*Problem:*
Print the data exactly as written, line for line, and leave its pictures behind.

*Listed records:*
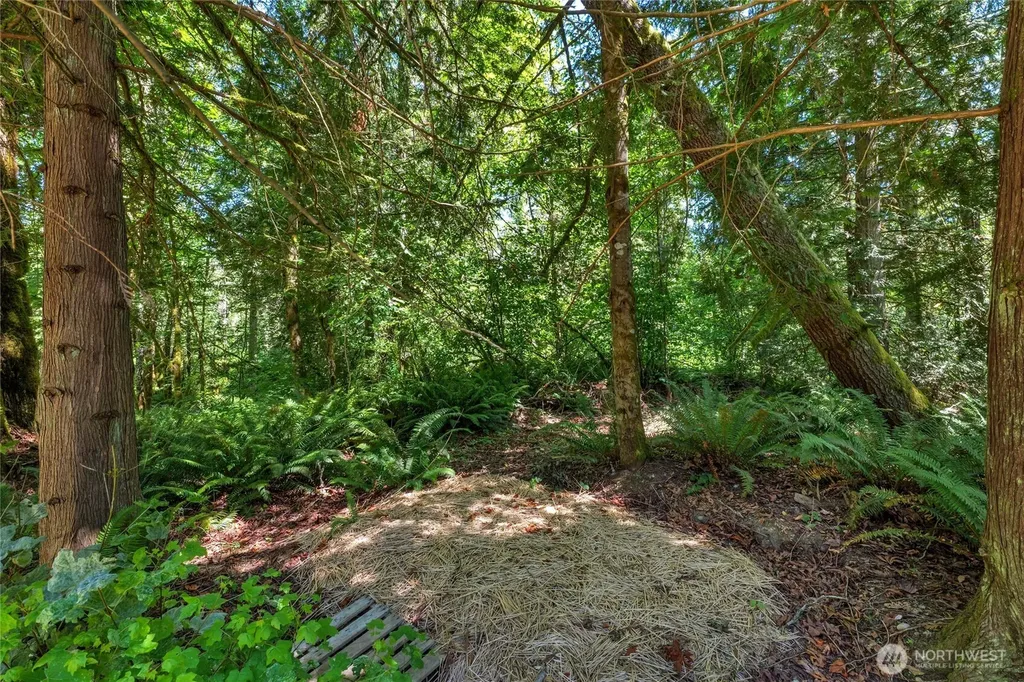 189 209th Avenue SE Monroe WA 98272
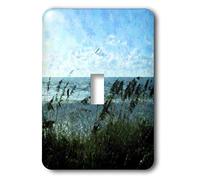 3dRose LLC lsp_8672_1 Walk On The Beach, interruptor de palanca individual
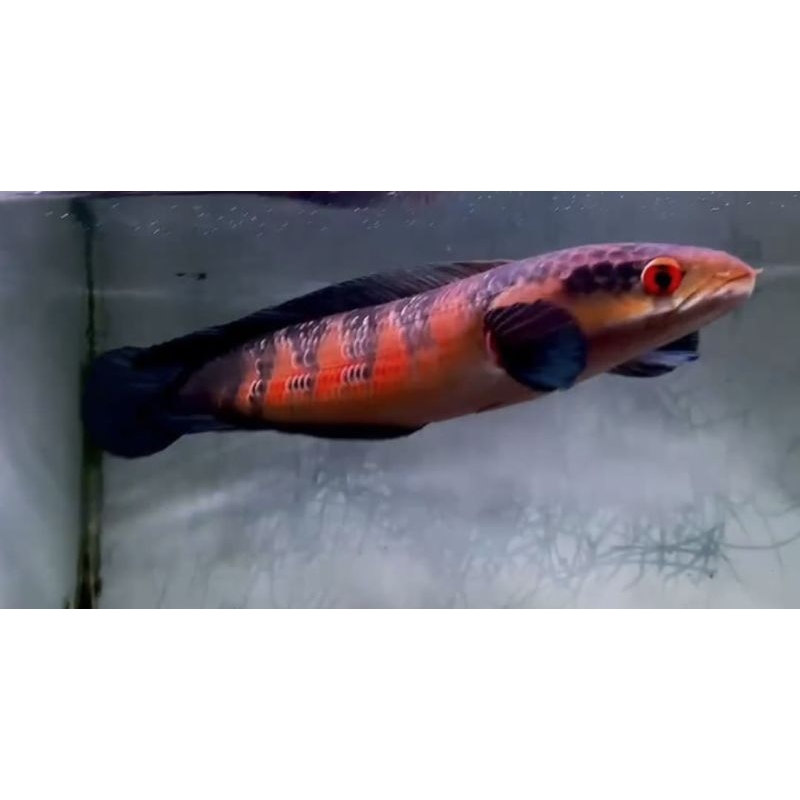 

KARDUS PACKING MARU RED BARITO 9-16CM CO KONFIRMASI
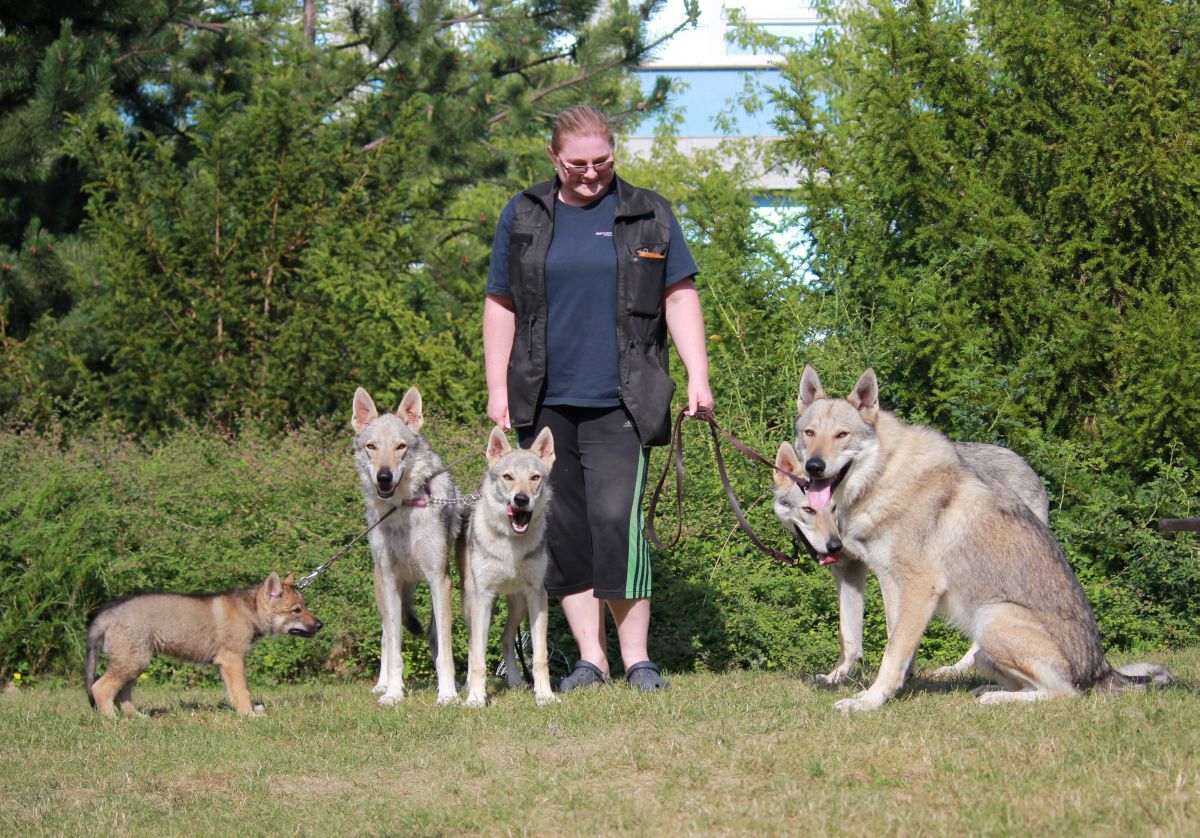 7 weeks Lord of Shadow, Fu fi, Kalup, Korry, Erron + Martina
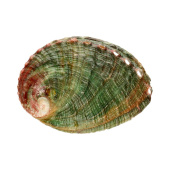 Abalone Shell Lille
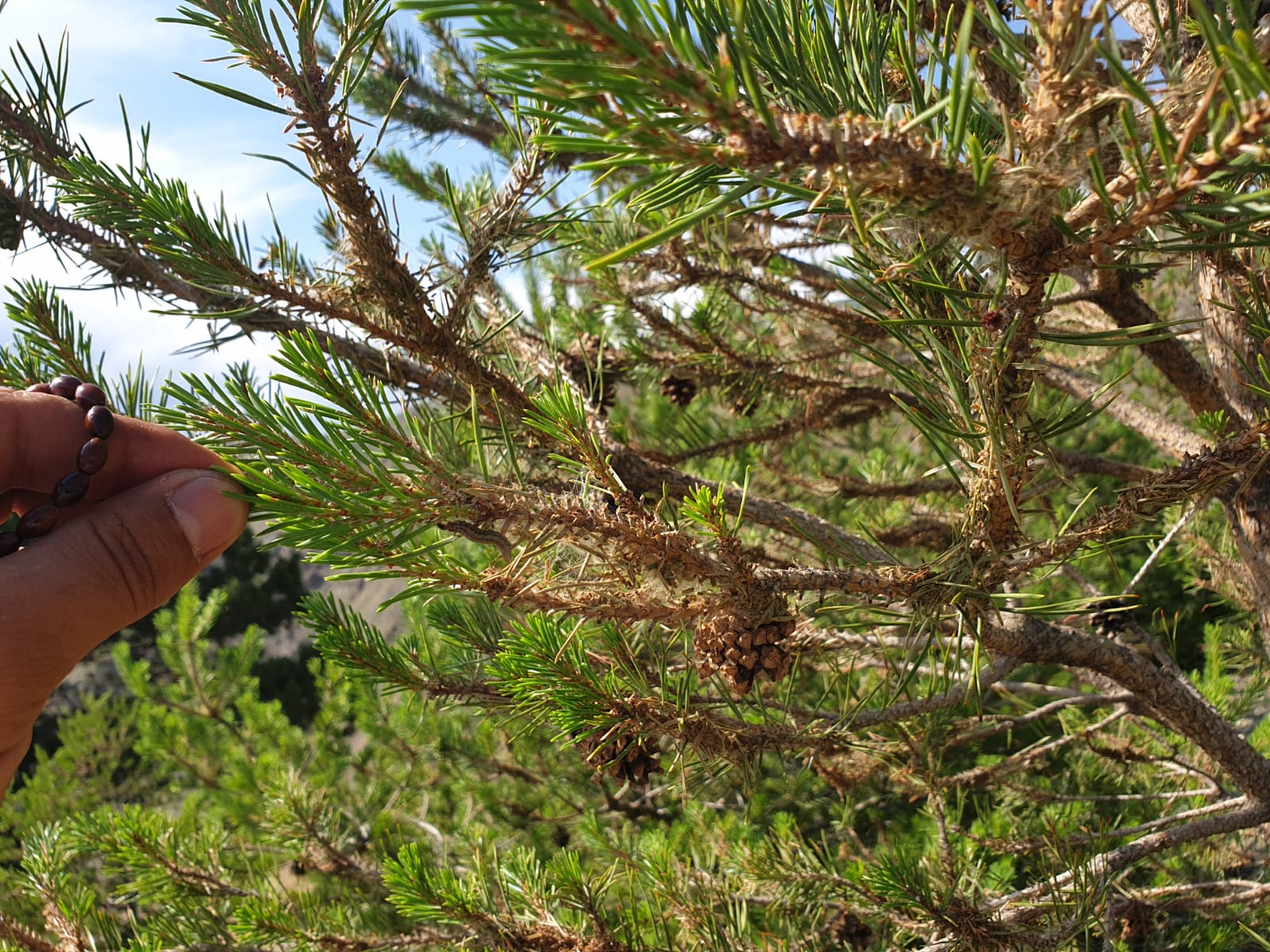 ARAZİ ÇALIŞMALARIMIZ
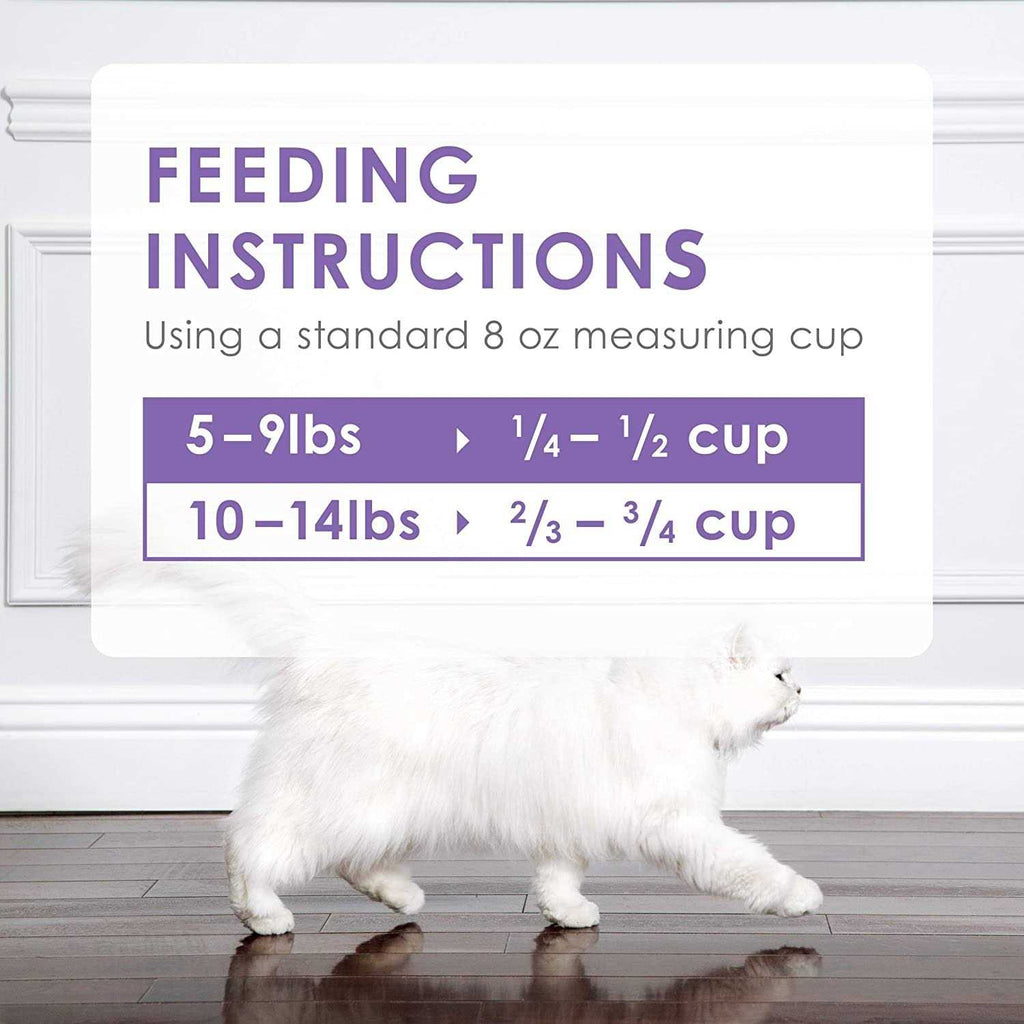 Dry Cat Food T451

*Written response:*
 189 209th Avenue SE Monroe WA 98272
 3dRose LLC lsp_8672_1 Walk On The Beach, interruptor de palanca individual

KARDUS PACKING MARU RED BARITO 9-16CM CO KONFIRMASI
 7 weeks Lord of Shadow, Fu fi, Kalup, Korry, Erron + Martina
 Abalone Shell Lille
 ARAZİ ÇALIŞMALARIMIZ
 Dry Cat Food T451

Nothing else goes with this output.